Segment Start: Data to use

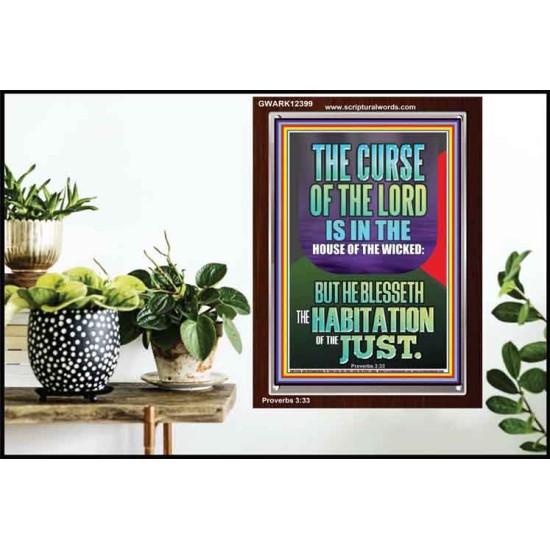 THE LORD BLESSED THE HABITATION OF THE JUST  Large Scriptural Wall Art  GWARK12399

Segment End: Data to use
Segment Start: Data to use

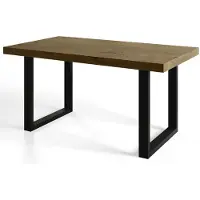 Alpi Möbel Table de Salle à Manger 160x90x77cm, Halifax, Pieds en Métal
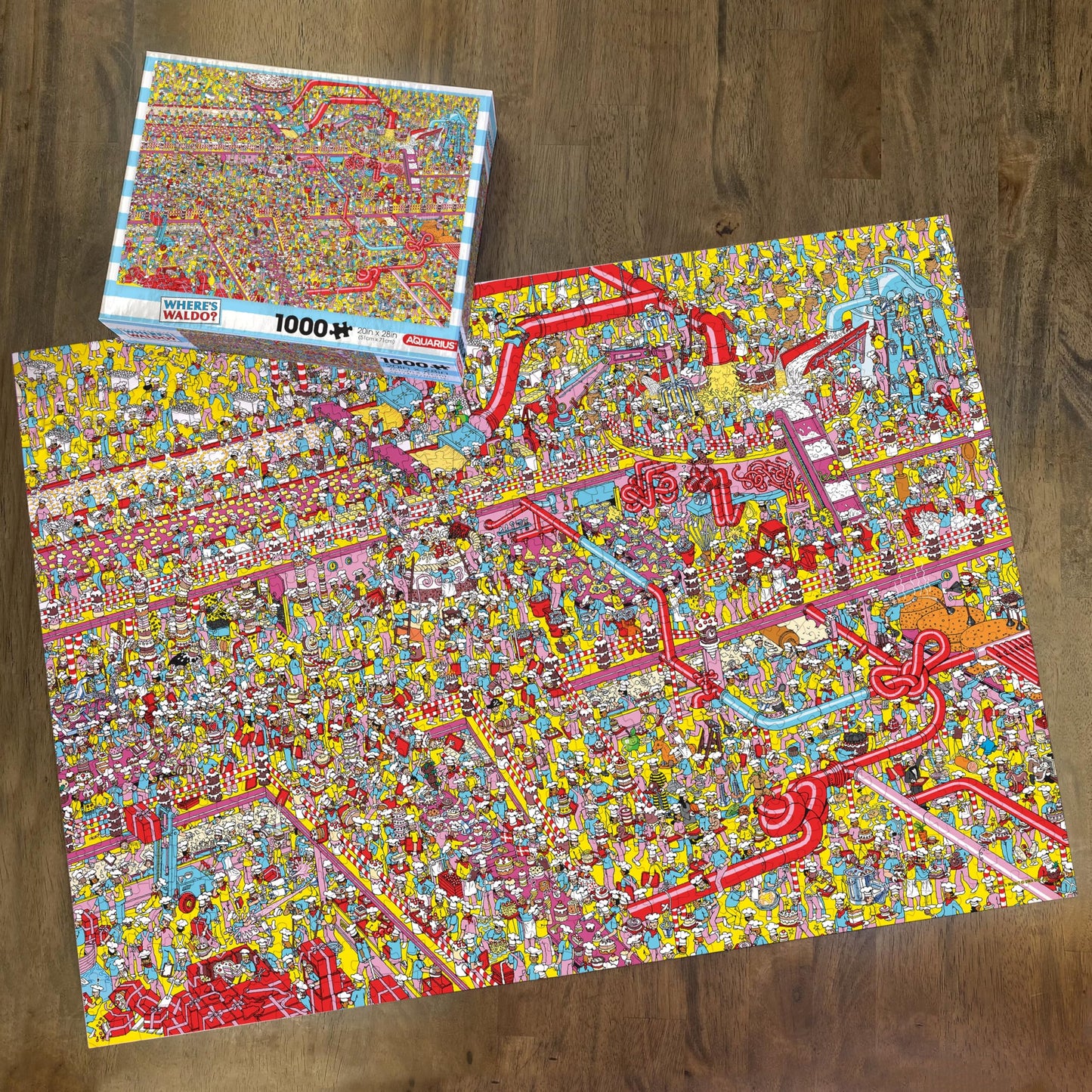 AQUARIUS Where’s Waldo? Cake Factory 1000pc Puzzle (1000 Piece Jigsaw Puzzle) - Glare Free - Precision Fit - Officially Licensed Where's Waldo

Segment End: Data to use

* Task instructions *
In the records above, find the line with "Alpi Möbel Table" and the line with "AQUARIUS Where’s Waldo?"; please transcribe exactly those two lines and all lines between them, omitting any picture.

* Written answer *
 Alpi Möbel Table de Salle à Manger 160x90x77cm, Halifax, Pieds en Métal
 AQUARIUS Where’s Waldo? Cake Factory 1000pc Puzzle (1000 Piece Jigsaw Puzzle) - Glare Free - Precision Fit - Officially Licensed Where's Waldo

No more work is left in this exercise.